There's a tipping point (I think) for any great collection when the objects themselves begin to tell a story about the collector's own preoccupations. When the minor becomes the major, not by intention, but by chance...
I don't think the Lucas Collection is near that tipping point. And, it certainly won't get there if it keeps chasing its own tail --- a meta-narrative about narrative.
--- J. Garcin
Meanwhile, Forbes has posted an article about the Geffen Galleries. I have a sense that the opinion of its author, Tom Teicholz, will end up mirroring mines. The one sentence that stood out the most to me is the one that worries me the most---beyond reduced square footage or less suitable exhibit space:
Forbes: "Inside the building is all one large columnless space with grey concrete floors and walls, with several rooms, most of which struck me as too small for separate exhibitions and somewhat claustrophobic."
The writer also ended his piece with a head scratcher. LACMA 60 years ago (or its predecessor in Expo Park) wasn't built for merely modern-contemporary art. So is the putdown of "a de facto museum of contemporary art, but frankly...not a very good one" somehow being mistaken for what the museum actually wasn't supposed to be?
> "When LACMA opened in
> 1965, it was LA’s first
> contemporary and modern
> art museum."
The Geffen has made me wonder why William Pereira designed the Ahmanson Gallery to have four levels instead of, at most, three. Its northern side in 1965 could have been extended where its namesake foundation funded an add-on in the 1980s. The top level of that building was always like the attic, whereas its lowest level always made me think of a basement. Beyond its shorter ceiling height, Its dark tile floor always looked or felt uncomfortable.
The regrettable (or likely) shortcomings of Zumthor 2026 are forcing me to look more closely at Pereira 1965. However, I don't think a tourist from, for example, Minnesota will be as dismissive of LACMA 2026 as they were of Pereira's/Hardy-Holzman-Pfeiffer's LACMA 1986. So something had to be done. But I'll always suspect Govan's lack of total transparency for over 10 years as not helping make the rebuilt museum turn out much better.

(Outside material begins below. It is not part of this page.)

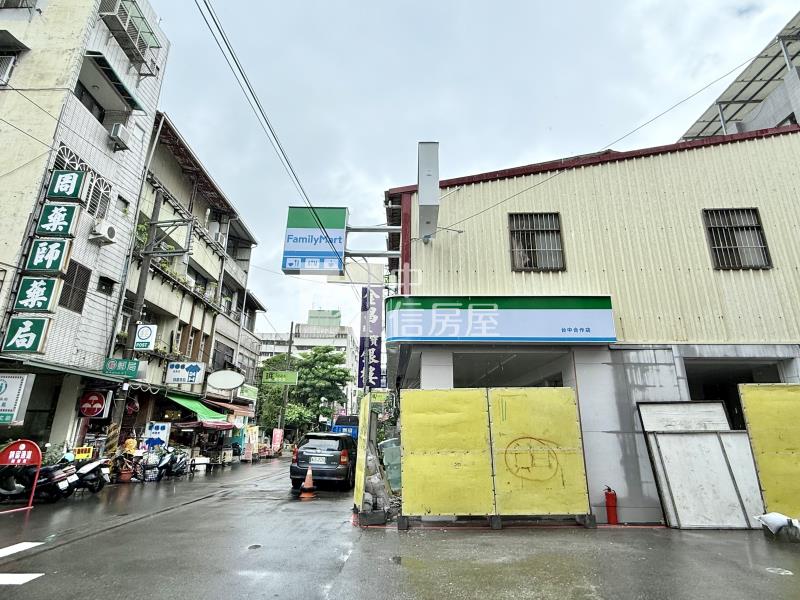 年收126萬|全家連鎖超商承租雙面臨路9米黃金角間透店房屋室內格局與周邊環境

People are so inured to all the crappy/flashy design in LA that they don't know better. And that includes in my mind Walt Disney Hall. It reminds me of a homeless encampment. It's tent-like form squats, quite literally on top of a parking garage. On two sides, you can see the structure of the parking garage. But hey, if you make the "tent" out of stainless steel you can fool almost everyone into thinking it looks more like a flower or ship.
LA did not need another building like that. It also did not need a museum building that fits all the current cliches of what a museum building is: skylit galleries, sheetrock walls, windowless exteriors, blocky massing, and some slick gimmick for a facade.

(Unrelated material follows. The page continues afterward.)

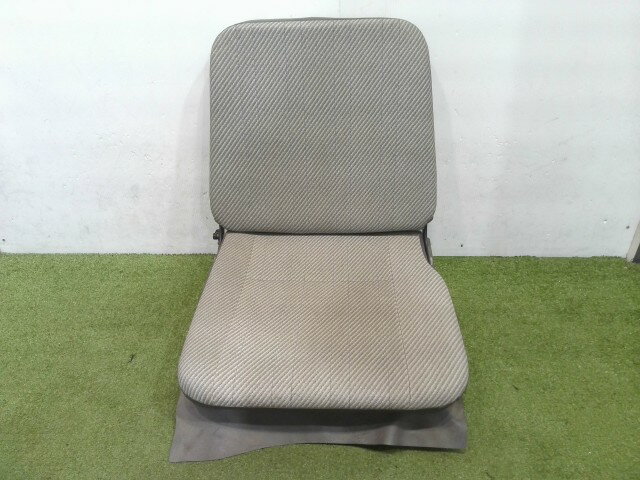 【中古】中古部品 ハイゼット S110P アシスタントシート 【3310090100-202504048070600】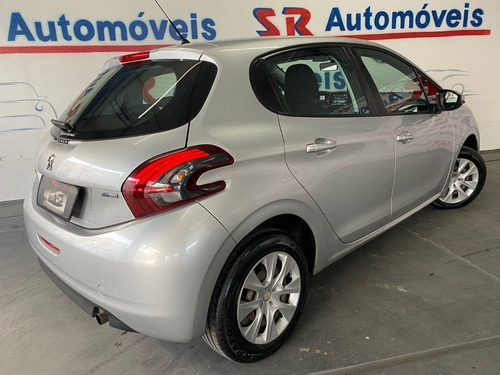 Imagem 4 de 10 de Peugeot 208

What Zumthor is aiming for here is something more elemental and eternal. One of the precursors here is Cezanne, specifically his rock paintings. Cezanne's rock paintings were not images of fleeting sensations (i..e., Impressionism), but were images of something wore weighty and hard-edged. They have been described as having a "primal, beginning of the world quality." Of course, if you don't know much about art history or did not have the opportunity to read the recent NYT article on Cezanne, everything looks to you like a "defacto museum of contemporary art."